The task =>
Set each entry down verbatim, omitting images.

[Records from a data source]

========================================

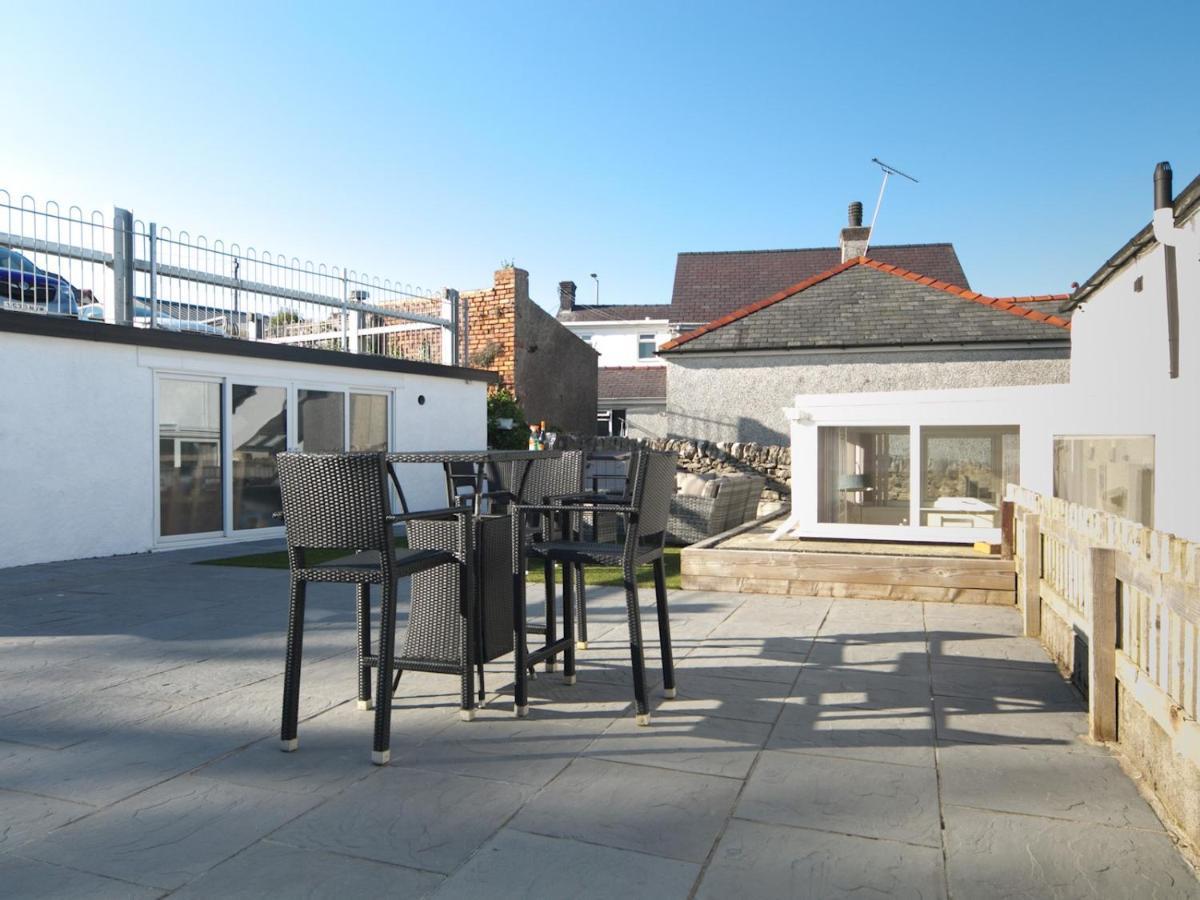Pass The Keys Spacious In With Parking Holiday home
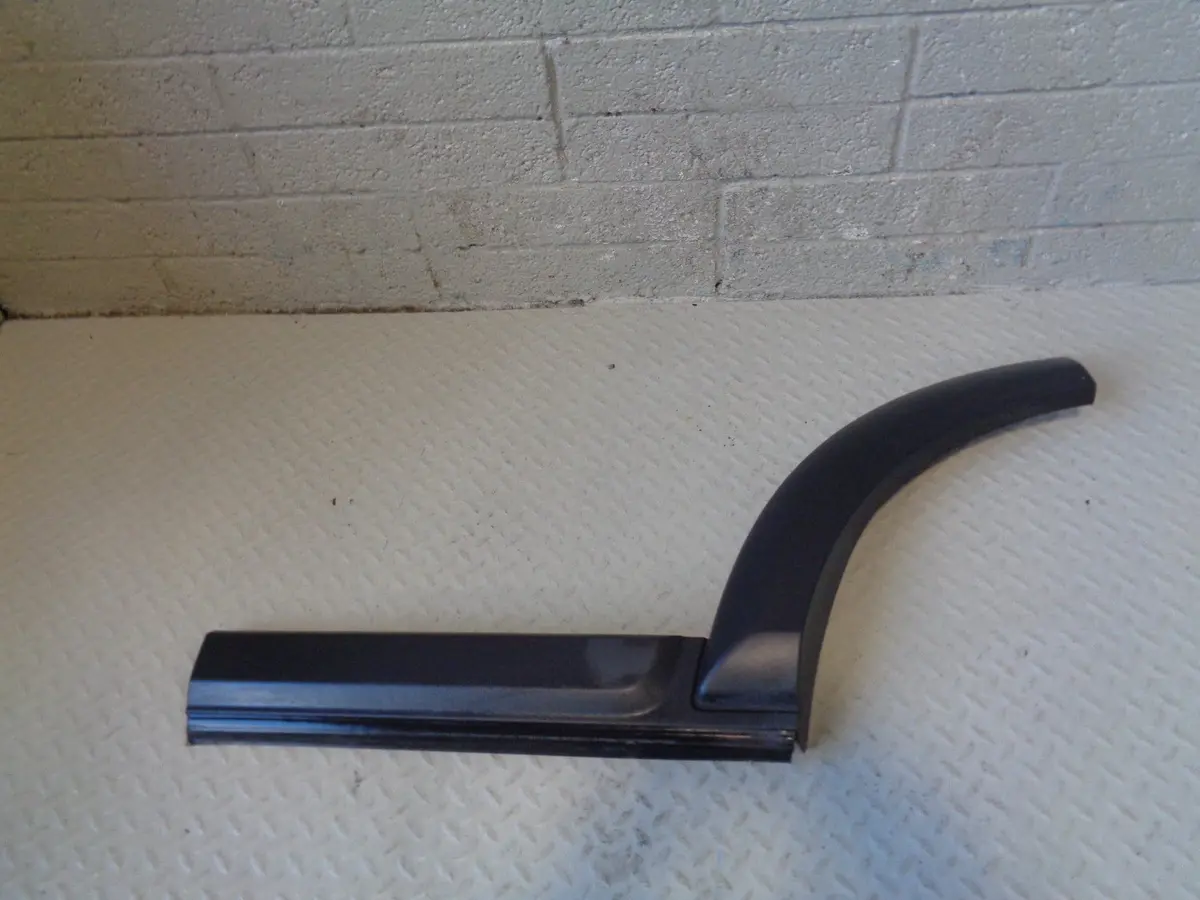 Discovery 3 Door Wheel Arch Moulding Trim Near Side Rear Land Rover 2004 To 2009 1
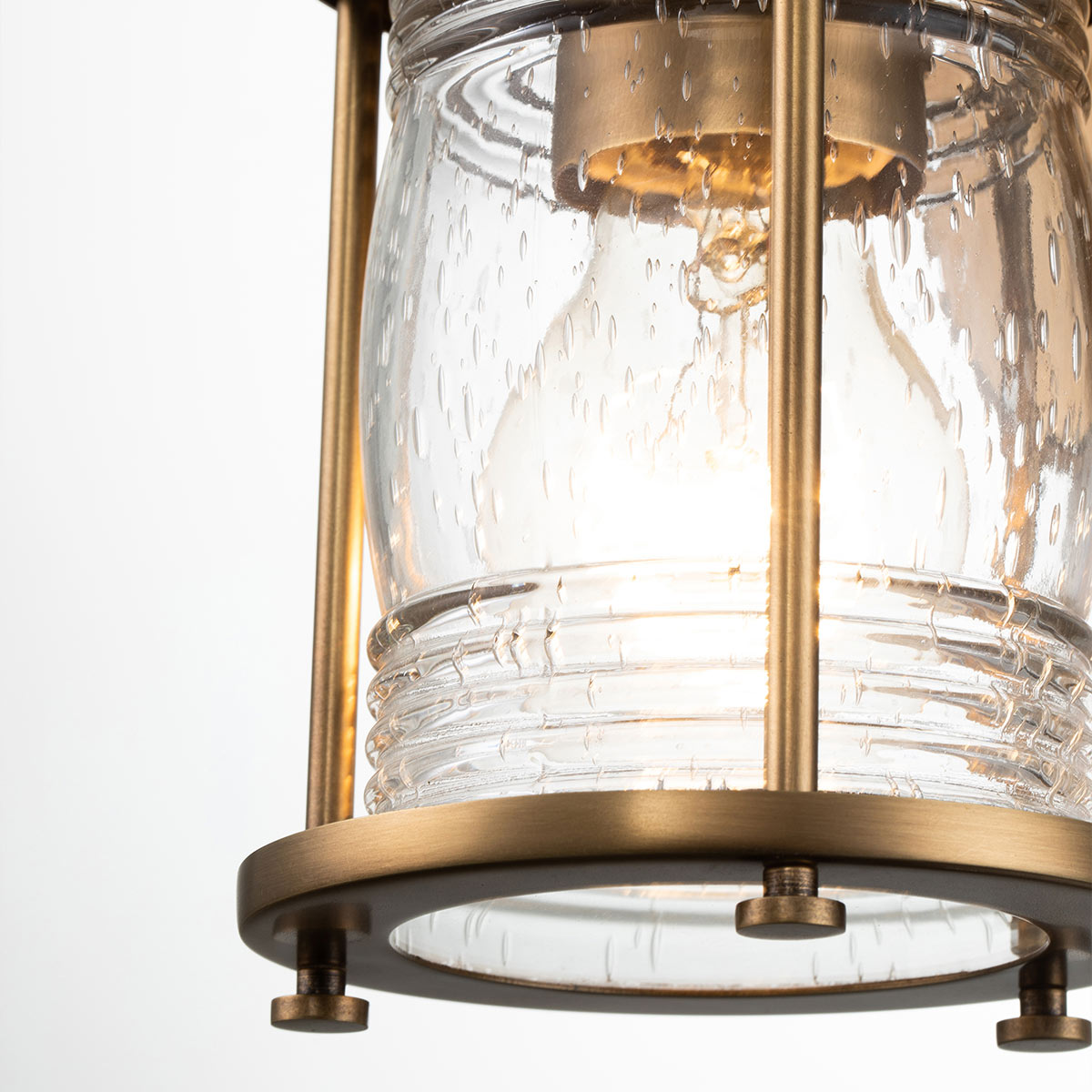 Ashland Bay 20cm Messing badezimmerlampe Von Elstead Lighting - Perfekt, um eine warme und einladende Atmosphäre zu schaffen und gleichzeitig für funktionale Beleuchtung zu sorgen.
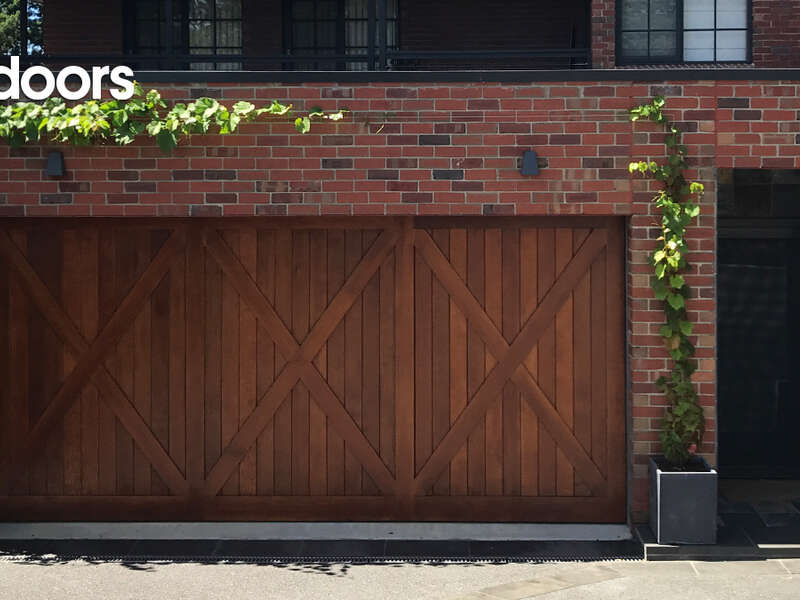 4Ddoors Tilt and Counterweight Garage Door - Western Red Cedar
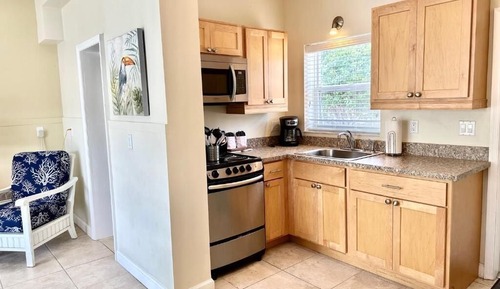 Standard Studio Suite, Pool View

========================================

Task output =>
Pass The Keys Spacious In With Parking Holiday home
 Discovery 3 Door Wheel Arch Moulding Trim Near Side Rear Land Rover 2004 To 2009 1
 Ashland Bay 20cm Messing badezimmerlampe Von Elstead Lighting - Perfekt, um eine warme und einladende Atmosphäre zu schaffen und gleichzeitig für funktionale Beleuchtung zu sorgen.
 4Ddoors Tilt and Counterweight Garage Door - Western Red Cedar
 Standard Studio Suite, Pool View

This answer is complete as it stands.